Monday, September 15, 2003

Bitter De La Hoya says he'll challenge decision

The Associated Press

LAS VEGAS - Concern was growing in Shane Mosley's corner as the rounds went on and it became obvious his fight with Oscar De La Hoya would be going to the judge's scorecards.

Jack Mosley wanted his son to do something spectacular - fast.

"My father was trying to convey to me since we're in Las Vegas and it's Oscar's town we had to pour it on in the last rounds," Mosley said.

It turned out the wrong corner was worried. In a city where De La Hoya scored his biggest wins, he stood in shocked amazement as the judges handed him his most disappointing defeat.

De La Hoya thought he should be celebrating. Instead, he now plans to start investigating.

"I just feel in my heart the decision should have gone to me," De La Hoya said. "I will put a full investigation into what happened. I'm fortunate I have the resources to put the best lawyers on it."

Just what De La Hoya wants to have investigated is unclear.
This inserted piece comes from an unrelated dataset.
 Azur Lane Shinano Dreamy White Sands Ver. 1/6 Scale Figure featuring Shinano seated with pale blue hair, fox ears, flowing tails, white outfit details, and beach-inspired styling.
All three judges scored the fight 115-113 for Mosley, and all three gave Mosley the last four rounds.

De La Hoya came to the news conference after the fight armed with punch statistics that showed him landing 221 punches to 127 for Mosley. But those statistics are compiled by two people pushing buttons when they think a punch lands - a process nearly as subjective as ringside judging.

Unless De La Hoya's lawyers can find some evidence of malfeasance, the Golden Boy will have to live with the fact he now has lost three times in his career - with two of those losses to Mosley.

"These are honest men and they scored the fight the way they did. To me, there is no controversy," said Marc Ratner, director of the Nevada Athletic Commission. "It's a close fight that could have gone either way."

The decision enraged the normally mild-mannered De La Hoya. He stood at the post-fight news conference and vowed to find out why he wasn't given the nod.

He might look at tapes of the ninth round, when Mosley battered him around the ring, or the final round, where Mosley gained the upper hand in some wild flurries, for some direction.

"You're a sore loser," someone yelled at De La Hoya.

"I'm not doing this because I'm a sore loser," he replied. "I'm doing this for the sport of boxing."

The fight was billed as redemption for De La Hoya, who lost a split decision to Mosley three years ago and desperately wanted to win the rematch to establish his place in boxing history.

In both fights, De La Hoya won early rounds and Mosley came on in the later rounds to win.